There has been some work that applies to looking at what happens after the ball leaves a player’s foot. Traditionally, post-shot expected goals models have been built to look for shooting skill. The theory is, maybe if we looked at how frequently players were able to put their shots in the corner of the net we might be able to tell if some players were better at kicking the ball than others. Maybe there’d be some secret finishing skill that those models could detect that regular old expected goals couldn’t find. The result of that modeling has been, at best, mixed.

It’s possible to try and turn that work around and apply it to keepers. But, it’s awkward. For starters, expected goals is built using every single shot, keepers only face the shots that end up on target. This messes with things. Let’s take a real world example. During the 2017-18 season Bournemouth conceded 59 goals, and just under 58 expected goals.

Easy enough. Now, look at their shots on target and they conceded 58 goals (thanks to a magically disappearing own goal). But those goals came from only 28.76 expected goals. What exactly are we supposed to do with this information?
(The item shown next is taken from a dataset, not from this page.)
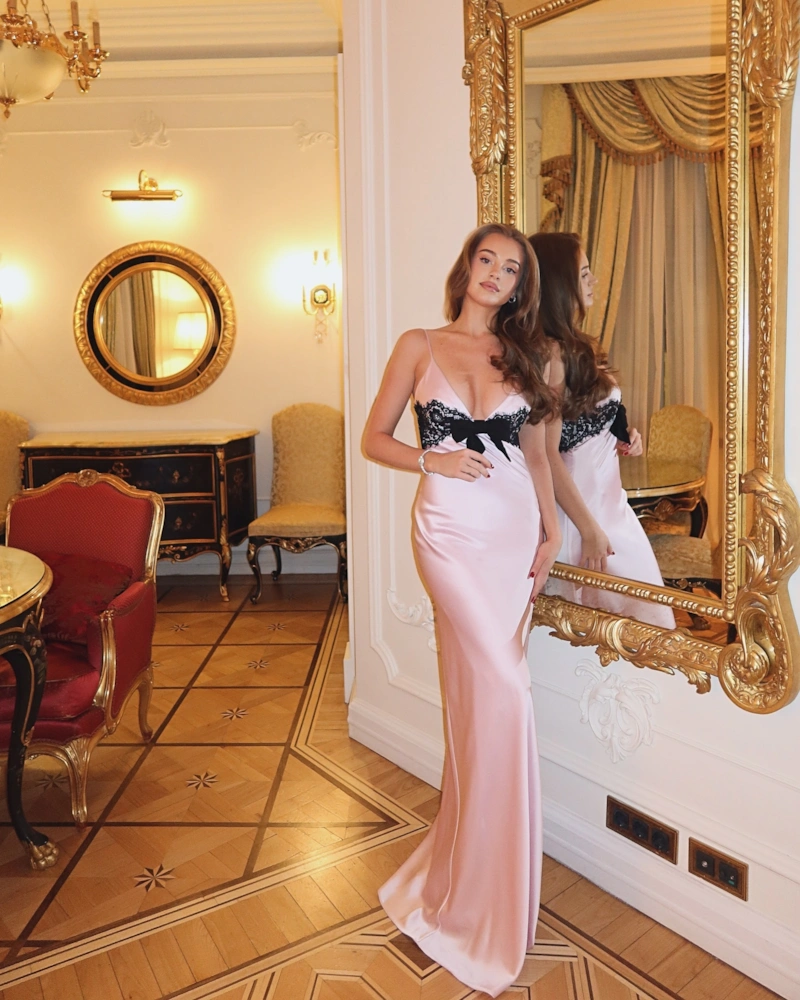 Бывшая девушка предпринимателя Аргишти Эвояна Юлия Дорофеева Бывшая девушка предпринимателя Аргишти Эвояна Юлия Дорофеева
Logically this makes sense. There are a whole bunch of shots (379 of them in this case) that go off target. All of those have expected goal values above zero, all of them don’t become goals. All of the actual goals come from only the shots on target, while the expected goals measure all total shots. Every single keeper in the history of creation allows more goals than expected goals from shots on target. It’s how the measure is designed to work.

There are, of course, ways to math yourself out of this particular problem. You can do all sorts of normalizing and averaging and equation-ing to try and use the existing expected goals model to figure out how well a keeper should have done. That’s useful, and helpful, and can tell you some stuff. But none of it changes the basic underlying problem. The expected goal unit that you’re using is one that’s fundamentally designed to evaluate shooters. It’s taking the average value of each shot (taking into account tons of different factors) and producing the likelihood that it becomes a goal. To evaluate keepers, we’re then taking those shots which end up on goal, and evaluating how the keeper does against them. We can do better.

What we’ve done is built a new expected goal model which includes post-shot data. Again, logically this makes sense. From a shooting perspective what we’re measuring what’s likely to happen to a ball when it leaves a player’s foot. So, we stop at the point of the shot. That’s not what we’re doing with keepers. With keepers we want to measure the likelihood that a keeper keeps the ball out of the net. So, naturally we want to include in our model as much of the data that a keeper has as possible. That includes all sorts of post-shot information about where the ball is going.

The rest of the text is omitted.